EFF leader Julius Malema kept pushing President Jacob Zuma on the Nkandla issue in parliament on 06 August 2015. Picture: Thomas Holder/EWN

CAPE TOWN - Economic Freedom Fighters (EFF) leader Julius Malema says his party is taking President Jacob Zuma to the Constitutional Court to make him comply with the Public Protector's remedial action.

Malema has rejected Police Minister Nkosinathi Nhleko's report on the spending debacle and has slammed the Parliamentary committee considering his findings.

Nhleko's report found Zuma didn't owe anything for the security upgrades to his private home in Nkandla, contradicting the Public Protector's findings.

Nhleko's report contradicts the public protector's findings that Zuma benefited unduly from the non-security features which formed part of the R246 million project.

Ruling party Members of Parliament (MPs) pushed to adopt the police minister's report earlier this evening, despite the opposition recommending they reject it.

Malema says it's time for action.

"So we've spoken it's enough now. We need a clear action by the Constitutional Court."

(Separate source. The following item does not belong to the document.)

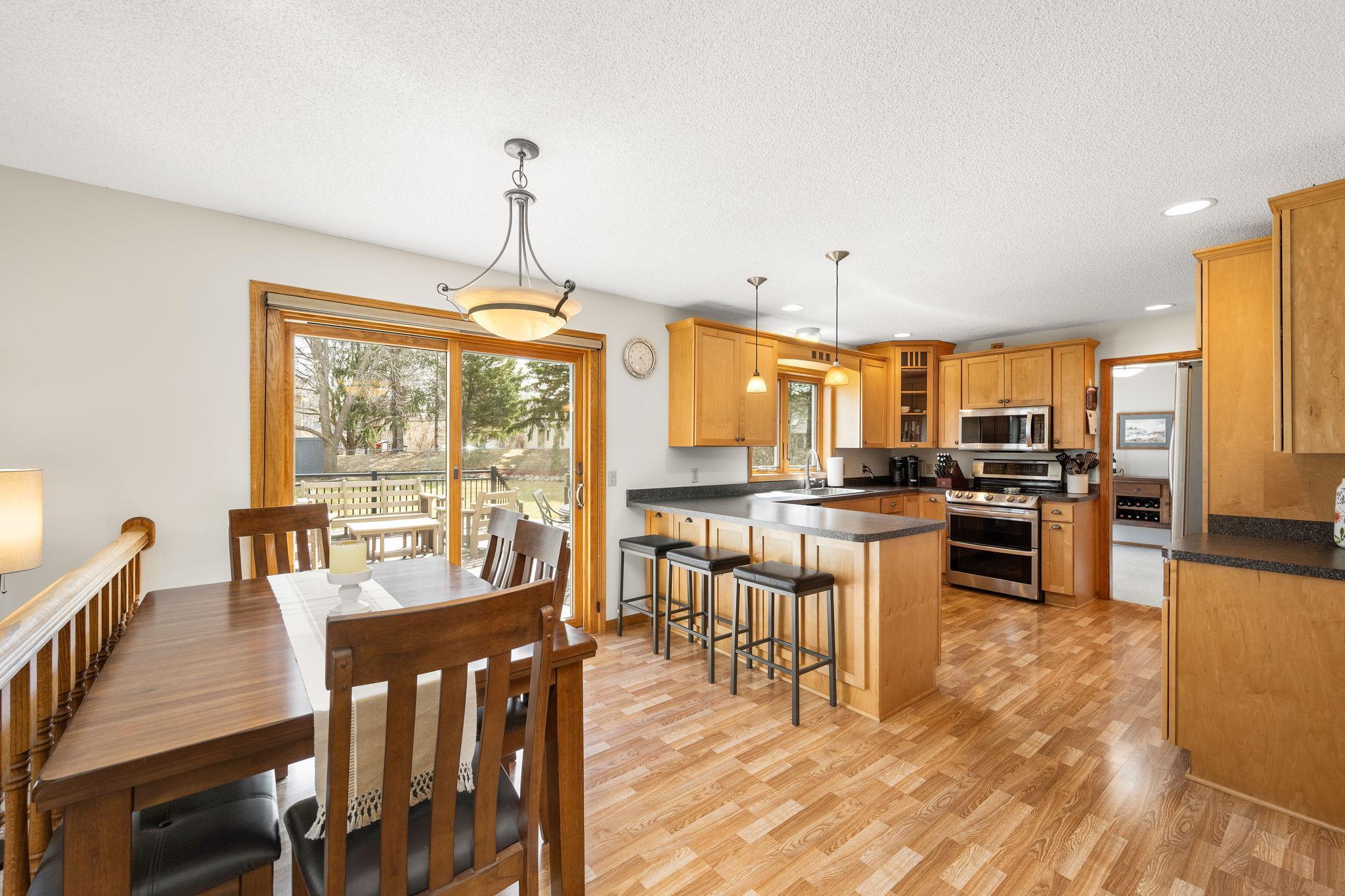 What a light, bright kitchen!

Malema said he will be taking his party's "pay back the money" campaign to the Constitutional Court.

"He must comply; failure to comply the court will make him comply."

Malema, fresh from Polokwane, where his corruption case was struck off the roll, told the President the only legitimate report on the Nkandla spending debacle was drafted by the Public Protector.

He has rejected Nhleko's findings that Zuma doesn't owe anything for the upgrades.

President Zuma told MPs in the National Assembly on Thursday afternoon that asking him to repay the money which was spent on upgrading his home was premature.

"I'll respond further to the debate around this matter once all processes have been concluded."

He said a parliamentary ad-hoc committee was still dealing with the matter.

Earlier, MPs on the ad-hoc committee on Nkandla clashed over their findings and recommendations, with opposition members arguing for more time to finalise their input.


Zuma has been accused of violating the separation of powers by allowing Sudanese President Omar al-Bashir t o leave the country during the African Union (AU) summit.

During the president's question and answer session, Democratic Alliance's (DA) leader Mmusi Maimane asked Zuma to explain why al-Bashir was allowed to leave after promising in Parliament in 2010 to respect international law.

"Mr President, you said South Africa respects international law and certainly are signatories and we would abide by the law."

Zuma responded saying the Sudanese president was in South Africa on AU business.

"Al-Bashir didn't come to South Africa by invitation of South Africa. He came here to do continental business; we have no right to violate the AU rules."

Meanwhile, tempers flared in the National Assembly before Zuma had to answer questions.

There was fierce debate over the order of questions to be put to the president.

EFF accused speaker Baleka Mbete of placing their question about Nkandla last on the paper so that it wouldn't be heard.

Mbuyiseni Ndlozi said, "We want our question to be prioritised because it's as important being the third largest party in this house; that is all we are saying."

The DA's John Steenhuisen disagreed.

"You can't come here and change things around. We will get to the EFF's question… there is no limitation on the president's time, so whether we sit here till 10 o'clock this evening, we will get to the EFF's question."